Have you taken out a subscription to the Nordstern? It would be a good thing if you did, because we've got to know what’s happening.
It is vital for us to have some contacts with the workers on the Rhine so that in future we can counter intrigues of that kind from the outset. Apropos, peculiar things seem to have been happening to Klings. Some jackass gave him my address as 58 Dover Street. Klings goes there, does not find me, of course, and goes to see Rode in Liverpool, and the latter tells Eichhoff I'd pretended to be out when Klings called, did not wish to see him, what is this supposed to mean, etc., to a man like Klings who was after all going to ‘organise everything’ in America with Weydemeyer and the others (which others?), etc., etc. Monsieur Rode, whom I've never met, did thereby express his surprise that I had ‘not yet’ sent him a copy of my pamphlet. Can you understand that?
The statement attacking the President of Mankind is very good. Just what was needed and no more.
The worst of it is that the people in Germany will now demand that someone assumes the leadership over them, and who can do it? Eccarius would be the man, but he won’t want to leave London.

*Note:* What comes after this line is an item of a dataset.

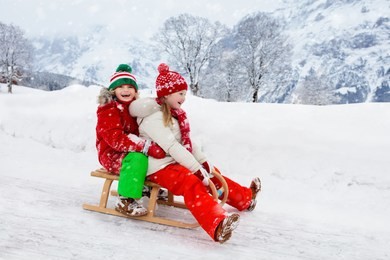 little girl and boy enjoying sleigh ride. child sledding. toddler kid riding a sledge. children play outdoors in snow. kids sled in snowy park in winter. outdoor fun for family christmas vacation.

The International Association really has gained an enormous amount of ground in such a short time and with so little to-do. But it is a good thing it is at present occupied in England, instead of eternally having to deal with the disorders in France. So, you have something to compensate you for the time it’s cost you.
How’s the book [Capital] going?
As far as the strategic situation is concerned, at Richmond Grant has achieved a precise replica of the battle of Jena, and with the same result: the whole of the enemy army is trapped. Only he didn’t have so far to march to gather the fruits.
Johnston has now surrendered, too, so I've won my wager of 2 months ago: that by 1 May the Southerners would have no army left. Whoever still offers resistance will be taken in as a brigand, and rightly so. At any rate, Johnson will insist on confiscation of the great estates, which will make the pacification and reorganisation of the South rather more acute. Lincoln would scarcely have insisted on it.
The Southern sympathisers here are consoling themselves for the hypocritical wailing they were obliged to put on over the assassination [of Lincoln], by prophesying that it'll be Grant I, Emperor of America, within 4 weeks. What jackasses they have made of themselves!
Incidentally, their ‘Majesties’ must be absolutely furious that Lincoln’s assassination has made such a colossal impact throughout the world. None of them has yet had such an honour.
Best wishes to your wife and the girls.